*TASK TO CARRY OUT*
Quote exactly the lines from the one with "40 Connolly Dr, Saint" to the end of the data, both included; omit the pictures.

(Image-text web data)
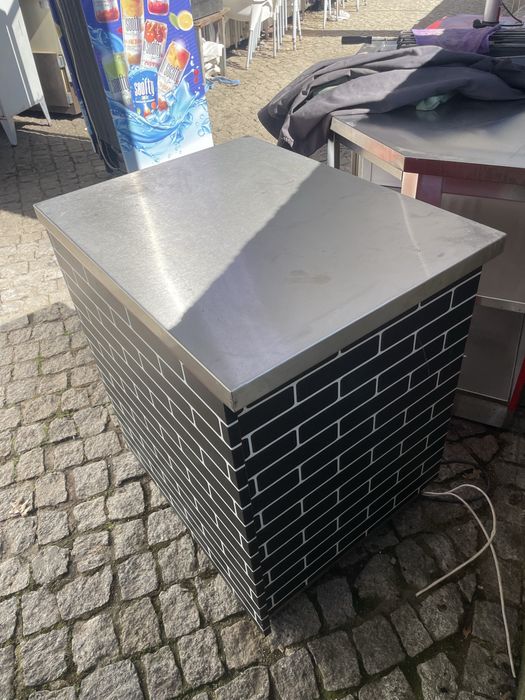 Bancada de apoio c/ gaveta - Aço inoxidável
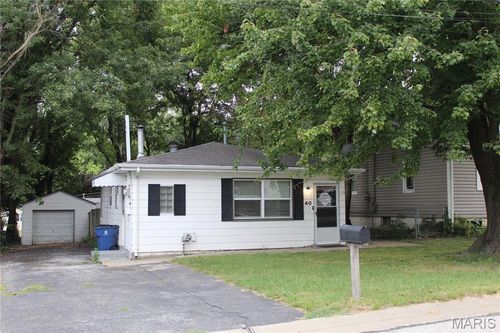 40 Connolly Dr, Saint Louis, MO, 63135-1019 | Card Image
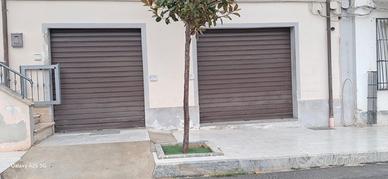 DUE SERRANDE IN FERRO MOTORIZZATE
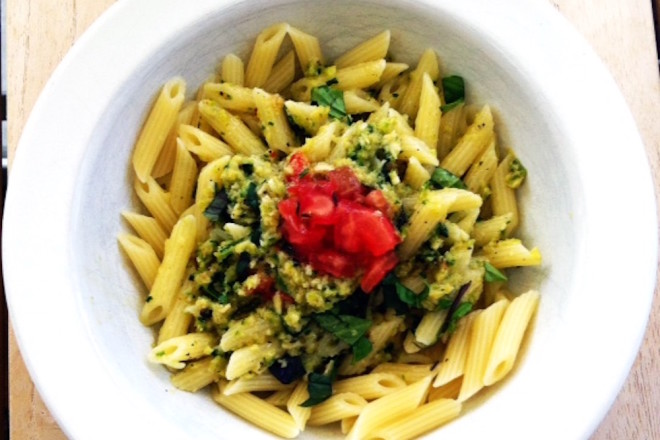 Pastamaniac: Pasta mit Zucchinipesto
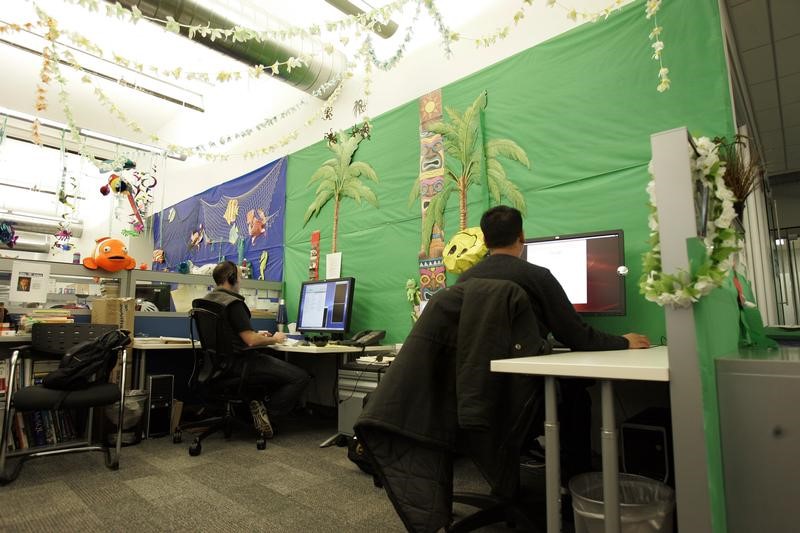 © Reuters. Employees work at desks at the New York City offices of Google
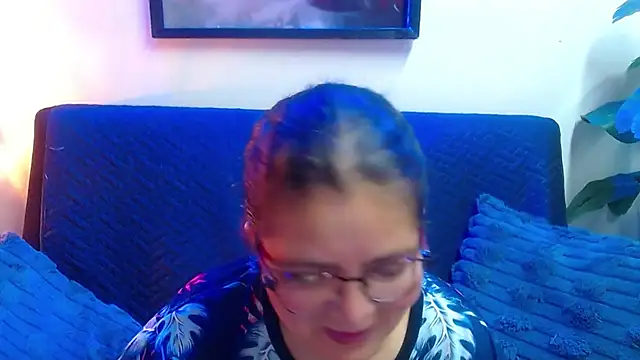 Snapshot of Linda_banks_ chatting on 05/09/26, 01:44 Linda banks online show from 05/09/26, 01:44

*RESULT BELOW*
 40 Connolly Dr, Saint Louis, MO, 63135-1019 | Card Image
 DUE SERRANDE IN FERRO MOTORIZZATE
 Pastamaniac: Pasta mit Zucchinipesto
 © Reuters. Employees work at desks at the New York City offices of Google
 Snapshot of Linda_banks_ chatting on 05/09/26, 01:44 Linda banks online show from 05/09/26, 01:44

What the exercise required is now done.